In realtà esiste una terza via. Esiste sempre una terza via che di solito è anche quella più intelligente e per questo più tortuosa. Si chiama islam liberale ed è rappresentato da una serie di teologhi, imam, avvocati, psicologi e intellettuali musulmani tedeschi e non che vogliono riformare la loro religione per renderla aperta, tollerante, pacifica e soprattutto libera dai dittatori dello spirito che la usano a fini politici riducendola a una ideologia del terrore. Sono persone come Seyran Ateş, Mouhanad Khorchide, Ahmad Mansour e tante altre.

La maggior parte di loro è sotto protezione della polizia 24 ore su 24 per le minacce ricevute dagli islamisti, proprio come i nostri testimoni di giustizia. Sono loro che la politica deve appoggiare in Germania e in Europa se vuole iniziare un percorso di integrazione vero e soprattutto duraturo.
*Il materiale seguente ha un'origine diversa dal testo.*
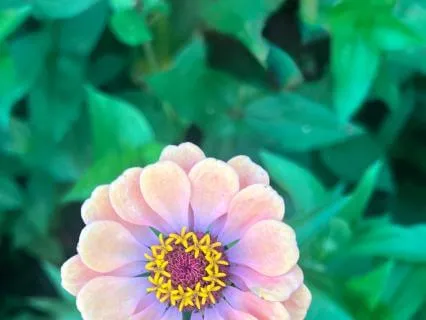 Here And Now: Diving Into This Moment
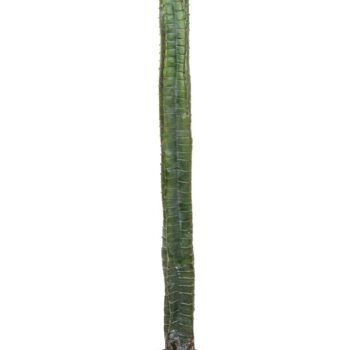 Cereus column cactus 140 cm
Ma prima bisogna togliersi il prosciutto dagli occhi, liberarsi dalla censura, dai tabù e dall’antirazzismo usato a sproposito dai pensatori liberal, mettere al bando associazioni e organizzazioni musulmane che non si riconoscono in modo inequivocabile e trasparente nelle nostre regole democratiche e insomma, ammettere di avere sbagliato tutto, ma proprio tutto e voltare pagina.

Altrimenti dovremmo assistere a degenerazioni come quelle accadute il 30 ottobre scorso, quando un gruppo di giovani musulmani in abbigliamento paramilitare chiamato “Muslim Interaktiv” ha sfilato sotto la porta di Brandeburgo a Berlino. In mano reggevano cartelli contro l’integrazione forzata, contro l’assimilazione culturale ai valori tedeschi, contro Macron e a favore di una vita consapevole all’insegna dell’islamismo.

Il pensiero non può che andare a cento anni fa quando sotto la stessa porta sfilavano altri nazisti che poi fecero quello che tutti sappiamo. Da notare che ad oggi, e sono passate quasi due settimane, nessun politico tedesco ha detto nulla.